The Supreme Court’s 6–3 decision in King v. Burwell is not simply a victory for the Obama administration — and for the millions of Americans who depend upon the Affordable Care Act for their health coverage. It is a sweeping, crushing blow for conservatives who seek to use the courts to undo what President Obama and a Democratic Congress accomplished. “In a democracy,” Chief Justice John Roberts implicitly scolds the activists behind this litigation, “the power to make the law rests with those chosen by the people.” He then offers a broad statement to future judges called upon to interpret the Affordable Care Act: “Congress passed the Affordable Care Act to improve health insurance markets, not to destroy them. If at all possible, we must interpret the Act in a way that is consistent with the former, and avoids the latter.”
The message here is clear: In this and in future litigation, judges should turn aside clever attempts to undermine the law if there is any possible way to read the law otherwise.

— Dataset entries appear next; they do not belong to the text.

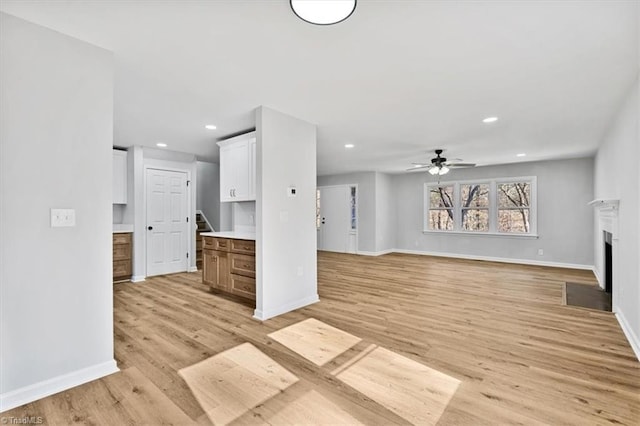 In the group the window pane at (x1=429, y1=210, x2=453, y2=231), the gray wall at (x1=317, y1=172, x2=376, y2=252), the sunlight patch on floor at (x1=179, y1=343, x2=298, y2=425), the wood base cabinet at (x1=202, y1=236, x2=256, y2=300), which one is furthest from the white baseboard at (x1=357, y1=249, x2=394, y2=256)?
the sunlight patch on floor at (x1=179, y1=343, x2=298, y2=425)

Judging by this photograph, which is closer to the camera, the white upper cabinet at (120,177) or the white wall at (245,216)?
the white wall at (245,216)

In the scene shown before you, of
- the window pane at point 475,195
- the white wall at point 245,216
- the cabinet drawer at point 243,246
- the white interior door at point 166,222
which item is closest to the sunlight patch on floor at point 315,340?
the cabinet drawer at point 243,246

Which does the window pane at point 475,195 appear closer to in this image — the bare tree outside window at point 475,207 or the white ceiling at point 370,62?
the bare tree outside window at point 475,207

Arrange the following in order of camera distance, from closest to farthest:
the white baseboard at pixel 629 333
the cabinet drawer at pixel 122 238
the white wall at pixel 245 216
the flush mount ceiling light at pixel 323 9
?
the flush mount ceiling light at pixel 323 9 < the white baseboard at pixel 629 333 < the white wall at pixel 245 216 < the cabinet drawer at pixel 122 238

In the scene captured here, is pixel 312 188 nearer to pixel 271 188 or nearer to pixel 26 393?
pixel 271 188

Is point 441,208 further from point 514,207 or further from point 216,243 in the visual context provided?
point 216,243

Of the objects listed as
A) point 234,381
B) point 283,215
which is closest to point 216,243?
point 283,215

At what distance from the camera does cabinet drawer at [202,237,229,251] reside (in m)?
4.35

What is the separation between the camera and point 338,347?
9.03ft

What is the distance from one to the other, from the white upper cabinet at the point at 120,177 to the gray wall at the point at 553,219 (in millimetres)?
7523

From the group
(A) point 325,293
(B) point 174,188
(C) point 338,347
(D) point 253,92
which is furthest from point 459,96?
(B) point 174,188

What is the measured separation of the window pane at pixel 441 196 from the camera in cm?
830

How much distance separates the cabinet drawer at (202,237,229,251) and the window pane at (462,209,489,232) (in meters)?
6.34

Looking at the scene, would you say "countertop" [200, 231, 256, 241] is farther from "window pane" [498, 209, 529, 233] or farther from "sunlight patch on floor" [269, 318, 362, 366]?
"window pane" [498, 209, 529, 233] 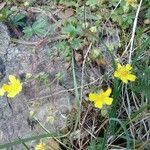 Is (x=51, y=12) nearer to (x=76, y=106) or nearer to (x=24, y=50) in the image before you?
(x=24, y=50)

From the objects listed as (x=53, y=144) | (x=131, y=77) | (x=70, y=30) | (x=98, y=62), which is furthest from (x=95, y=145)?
(x=70, y=30)

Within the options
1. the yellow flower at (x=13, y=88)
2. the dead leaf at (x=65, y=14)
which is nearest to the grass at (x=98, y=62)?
the dead leaf at (x=65, y=14)

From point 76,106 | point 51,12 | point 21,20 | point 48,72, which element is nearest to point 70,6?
point 51,12

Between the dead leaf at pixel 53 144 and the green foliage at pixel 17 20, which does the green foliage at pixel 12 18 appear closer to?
the green foliage at pixel 17 20

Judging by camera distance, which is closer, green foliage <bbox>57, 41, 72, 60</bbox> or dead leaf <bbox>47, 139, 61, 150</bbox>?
dead leaf <bbox>47, 139, 61, 150</bbox>

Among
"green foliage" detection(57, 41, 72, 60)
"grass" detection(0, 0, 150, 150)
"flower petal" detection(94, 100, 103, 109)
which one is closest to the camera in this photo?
"flower petal" detection(94, 100, 103, 109)

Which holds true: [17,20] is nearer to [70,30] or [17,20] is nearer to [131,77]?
[70,30]

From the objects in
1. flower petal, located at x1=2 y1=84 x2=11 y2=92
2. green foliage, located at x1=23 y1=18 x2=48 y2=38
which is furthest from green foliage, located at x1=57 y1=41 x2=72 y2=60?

The attorneys and activists behind this lawsuit came to the Court hoping to gut Obamacare; instead, they placed it on the strongest possible legal footing.

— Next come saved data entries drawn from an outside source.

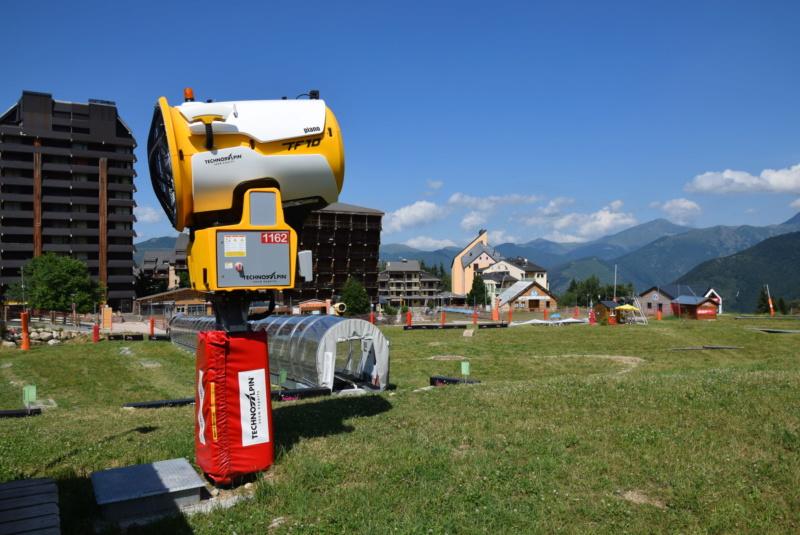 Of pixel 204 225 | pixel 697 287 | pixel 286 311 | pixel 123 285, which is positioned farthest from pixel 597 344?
pixel 123 285

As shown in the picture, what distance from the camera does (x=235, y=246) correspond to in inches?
279

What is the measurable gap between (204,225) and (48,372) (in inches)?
922

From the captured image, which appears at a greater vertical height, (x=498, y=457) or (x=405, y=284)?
(x=405, y=284)

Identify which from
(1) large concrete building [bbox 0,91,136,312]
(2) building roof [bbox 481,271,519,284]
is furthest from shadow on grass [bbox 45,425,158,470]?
(2) building roof [bbox 481,271,519,284]

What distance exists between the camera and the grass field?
5836 mm

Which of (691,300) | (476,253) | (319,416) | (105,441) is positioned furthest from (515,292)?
(105,441)

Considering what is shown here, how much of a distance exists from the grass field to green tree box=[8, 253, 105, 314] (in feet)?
228

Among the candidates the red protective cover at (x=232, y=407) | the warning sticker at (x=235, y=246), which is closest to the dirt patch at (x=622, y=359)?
the red protective cover at (x=232, y=407)

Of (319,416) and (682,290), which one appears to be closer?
(319,416)

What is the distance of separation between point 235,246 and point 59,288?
259ft

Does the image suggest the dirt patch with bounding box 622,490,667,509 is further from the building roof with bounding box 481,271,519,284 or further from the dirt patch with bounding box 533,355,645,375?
the building roof with bounding box 481,271,519,284

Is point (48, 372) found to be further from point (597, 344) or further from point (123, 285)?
point (123, 285)

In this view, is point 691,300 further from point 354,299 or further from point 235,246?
point 235,246

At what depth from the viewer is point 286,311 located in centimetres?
7481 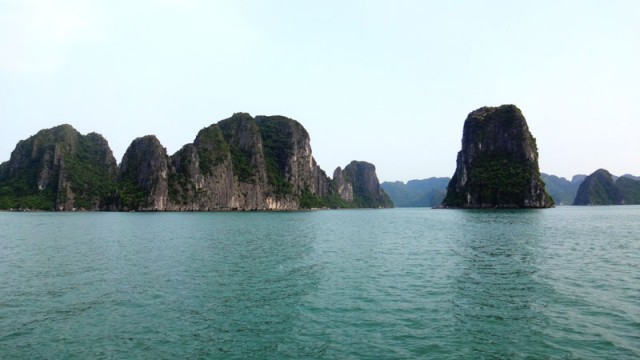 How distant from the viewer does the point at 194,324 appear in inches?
761

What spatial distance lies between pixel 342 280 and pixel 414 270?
735 cm

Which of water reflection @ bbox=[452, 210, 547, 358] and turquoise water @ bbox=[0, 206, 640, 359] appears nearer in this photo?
turquoise water @ bbox=[0, 206, 640, 359]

Two other aspects of the decision drive home the breadth of the Obama administration’s victory. The decision concludes that parts of the law are ambiguous, at least when read without attention to the law’s overall purpose. Ordinarily, when a law is ambiguous, the Court defers to federal agency interpretations of the law. Thus, while the Obama administration (specifically, the IRS) interpreted the law to extend tax credits that help millions of people pay for health insurance to residents of all 50 states, under the ordinary rule, a future administration could interpret the law differently to cut off those credits in many states.
Roberts’ opinion forecloses this possibility. Whether tax credits are available in all 50 states is “a question of deep ‘economic and political significance’ that is central to” the law’s “statutory scheme.” Thus, “had Congress wished to assign that question to an agency, it surely would have done so expressly,” and “[i]t is especially unlikely that Congress would have delegated this decision to the IRS, which has no expertise in crafting health insurance policy of this sort.”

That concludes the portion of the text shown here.